Anna Aaron hat sich hinter ein paar Keyboards verschanzt und lässt am Sonntagabend von der ersten Sekunde an keinen Zweifel, wohin die musikalische Reise gehen wird. Nach ein paar Chortönen zur Einstimmung gibt's gleich eine volle Gitarrenbreitseite und treibendes Schlagzeug, dazu viel Elektronik und die kleine Schweizerin, die beim Vorjahres-Hafensommer noch ein intimes Konzert mit Piano und Akustikgitarre bot, zeigt sich als veritable Rockröhre.
Es zischt und blubbert aus den Synthesizern, die Keyboards wabern und ein ums andere mal knallt die zierliche Gitarristin Emilie Zoe Peleraux fette Rockriffs aus ihrer E-Gitarre, die selbst männlichen Kraftprotz-Kollegen nicht gelingen – pure Energie und Emotion. Es war schon zu ahnen, in welche Richtung es gehen würde, wenn man Anna Aarons neue CD „Neuro“ kannte.
Aber wie das Quartett mit Bassmann Christophe Farine und Schlagzeuger Fred Bürki die „Neuro“-Songs mit Urgewalt auf die Bühne brachte, das machte nur noch staunen.

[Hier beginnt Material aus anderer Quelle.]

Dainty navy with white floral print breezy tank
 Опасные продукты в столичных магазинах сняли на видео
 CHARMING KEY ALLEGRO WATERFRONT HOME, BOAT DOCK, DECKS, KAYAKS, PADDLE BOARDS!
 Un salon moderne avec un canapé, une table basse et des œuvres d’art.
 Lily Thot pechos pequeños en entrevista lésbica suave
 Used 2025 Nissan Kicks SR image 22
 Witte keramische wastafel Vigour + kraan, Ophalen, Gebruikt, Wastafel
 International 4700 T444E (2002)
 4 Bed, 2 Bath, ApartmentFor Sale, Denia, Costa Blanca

Klassischer Rock wurde mit Spurenelementen aus Drum&Bass, Metal oder Industrial angereichert, dass es nur so krachte und knallte, und der Eindruck entstand die grandiose Lightshow könnte dem aberwitzigen Geschehen auf der Bühne kaum noch noch folgen. Und trotz aller Elektronik: Hier spielte eine leibhaftige Band modernen Rock als ob sie vom Leibhaftigen gejagt und getrieben würde – mal sperrig und düster, roh und rau, dann wieder glasklar und schwebend leicht.
Ihren Höhepunkt fand die Tour de Force im Song „Heathen“, in dem sich Gitarristin Peleraux in einen Rausch spielte in dieser kühlen Sommernacht, die durchaus ein paar Besucher mehr verdient gehabt hätte.
Eines besten Konzerte
Und wie auf der „Neuro“-CD setzt Anna Aaron danach auf Kontrast und eine wunderschöne Ballade nur zur Klavierbegleitung: „Ich kann auch ein ruhiges Lied spielen“, sagt sie dazu lapidar. Und so wurde an diesem Abend auch die Frage eines Musikjournalisten beantwortet, der nach dem Anhören von „Neuro“ fragte: Wer ist Anna Aaron und wenn ja wie viele? Sie ist nur eine, aber eine, die eben alles kann, und dem Hafensommer an diesem Abend eines der besten Konzerte in diesem Jahr bescherte.
Ganz soweit ist die sympathische junge Französin Joe Bel, die den Abend eröffnete, noch nicht. Erst etwas spät nahm sie den Fuß von der Bremse und zeigte, dass sie mit ihrer ausdrucksstarken Stimme als Rocksängerin eine gute Figur macht. Auch wenn sie ihren Stücken eine Reggae-Infusion verpasste, hatte das durchaus Charme. Doch die meisten ihrer Lieder bewegten sich in mittlerem Tempo und blieben etwas beliebig. Das Potenzial für mehr hat sie aber ohne Zweifel.